Generalizations of the hexagramme mystique

Abstract

The history of projective geometry is a very complex one. Most of the more formal developments on the subject were made in the 19th century as a result of the movement away from the geometry of Euclid. If one digs a little deeper, however, one can see that the basic concepts upon which this branch of geometry is based can be traced back as far as the fourth century, where a theorem of Pappus of Alexandria appears as Proposition 139 of Book VII of the Mathematical Collection. These very early discoveries along with Euclid’s Elements are the building blocks for the foundations that were laid down by the projective geometers of the 17th century. It is here that the history of the subject becomes more interesting. Great strids were made in the 17th century, but for some reason projective geometry did not become popular among mathematicians until the 19th century. From this moment, very important results on this subject were made by great mathematicians as Max Noether or David Hilbert. In particular, the base of these notes is the study of the theory of plane algebraic curves.

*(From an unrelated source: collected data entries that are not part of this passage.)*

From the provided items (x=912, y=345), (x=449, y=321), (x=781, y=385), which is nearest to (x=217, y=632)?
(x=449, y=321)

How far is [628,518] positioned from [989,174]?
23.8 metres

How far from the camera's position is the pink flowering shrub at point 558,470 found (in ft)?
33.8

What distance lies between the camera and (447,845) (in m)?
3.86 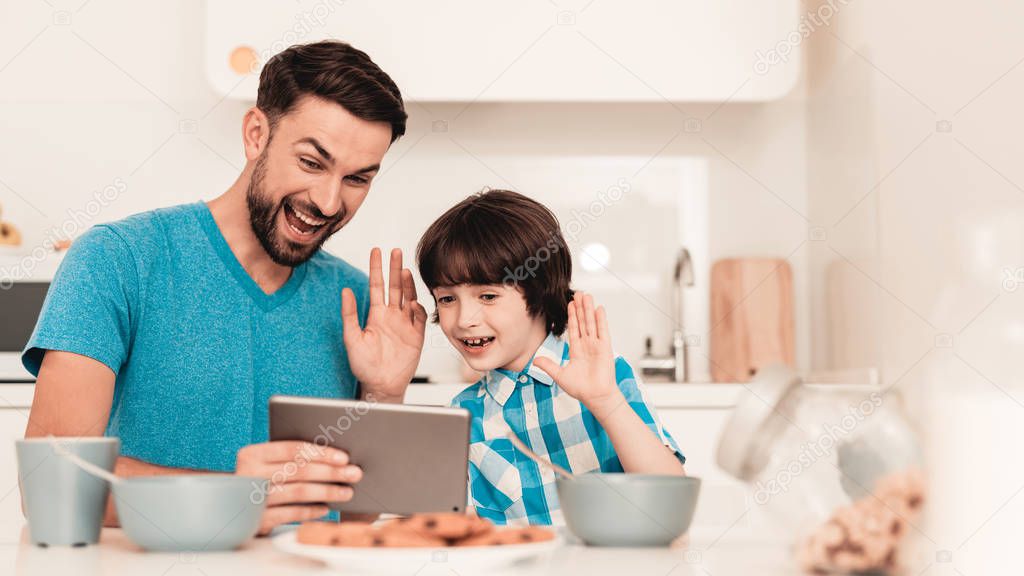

Willing to know more about the geometry behind the plane algebraic curves, I began to work with the Algebraic Curves of William Fulton [1]. Introducing myself with the algebraic sets and its ideals, and with its properties as well, I venture on the theory of intersection of plane algebraic curves, studying them on the affine plane and on the projective plane. To doing so, I had to apprehend so importants results such that the intersection number at points on curves, the Bézout’s Theorem or the Max Noether Fundamental Theorem. As an application, I proved some problems of the algebraic geometry, from the classics to the most contemporary, begining with the Pappu’s Theorem and ending with the addition on the Elliptic Law. Moreover, I state some ideas of plane algebraic curves from a more modern point of view, talking about the divisors on smooth curves and the concepts that derive from them.